Mix all ingredients with an egg beater, except for bread. In the meantime, heat a generous tablespoon of butter in your skillet on medium high. Let sizzle. Have plates ready. Briefly, especially if bread is fresh, dip one piece at a time in the prepared egg batter (I can fry 3-4 pieces at once in my skillet) and take right out of the batter and place on skillet. Cook, briefly, on each side of bread until firm, browned and no liquid is showing.

Stack and serve with butter, maple syrup and a handful of your favorite berries or fruit. Also goes well with thick bacon or sausage patties.

We'll probably have this in our house on our first day back to school on Wednesday.

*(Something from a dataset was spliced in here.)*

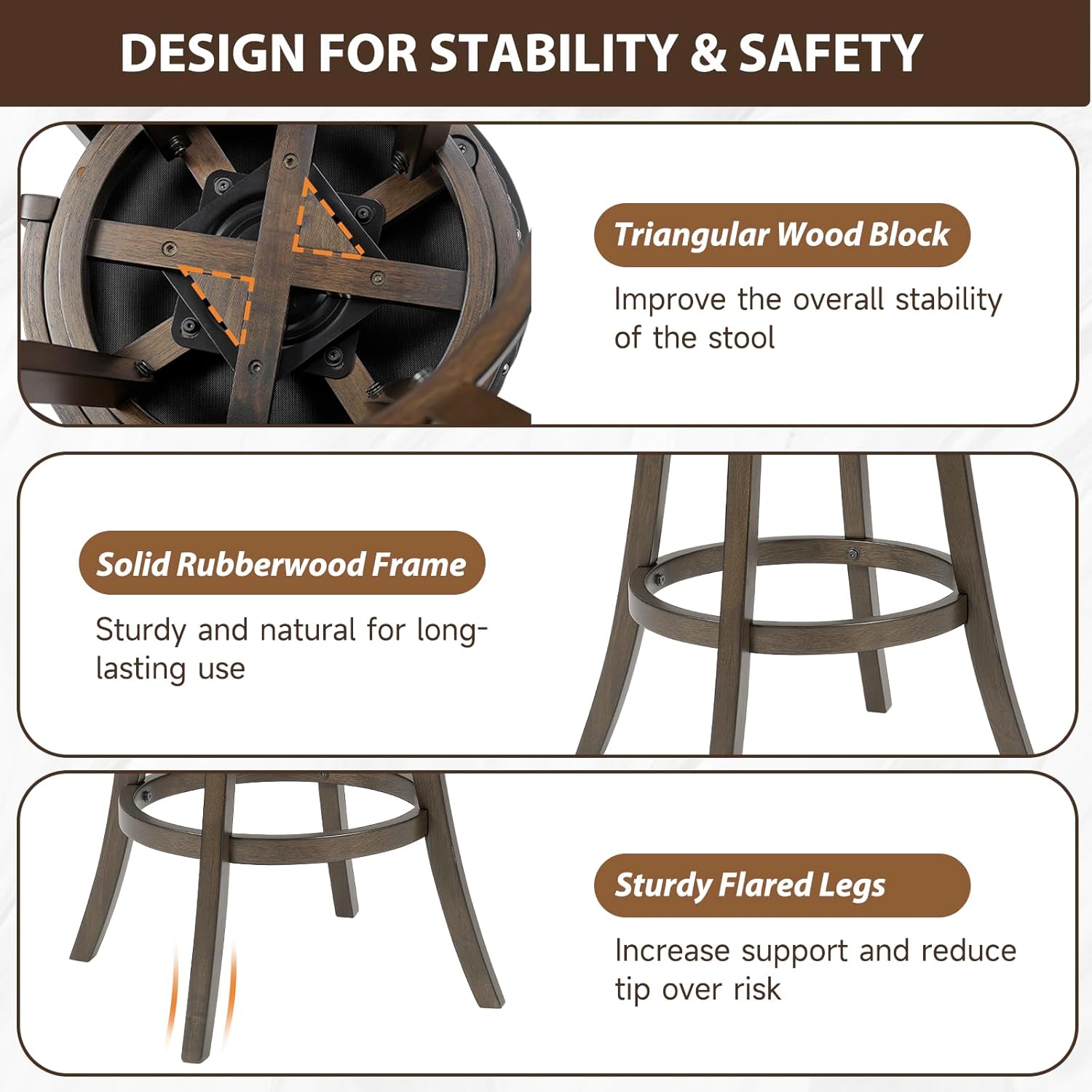 PrimeZone Swivel Bar Stools Set of 4-30 Inch Bar Height Stools with Black Faux Leather Padded & High Back, Solid Rubber Wood Frame & Footrest, Nailhead Trim, Barstool for Pub, Kitchen Island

Yes, the school year is here again, even though August is probably the hottest, most summer-like month in Kentucky. This was the fastest summer ever, even though the boys had three months off (but we get a lovely temperate May and all of June on the other end so we can't complain). Despite the heat here, we do enjoy this season on the farm and we plan to languish in our last days of summer vacation together.

On that note, I'm nursing a summer cold so I'm off for a nap and a good read--not necessarily in that order. For me, and with everyone in a routine again, the fall months will bring more structured time for writing and I'm looking forward to that. I may, if the fates allow, even have a real, live salaried writing-related job opportunity in the wings, too. I'll keep you posted. Either way, I'll keep blogging when I can. And I may as well nap while I still can, too!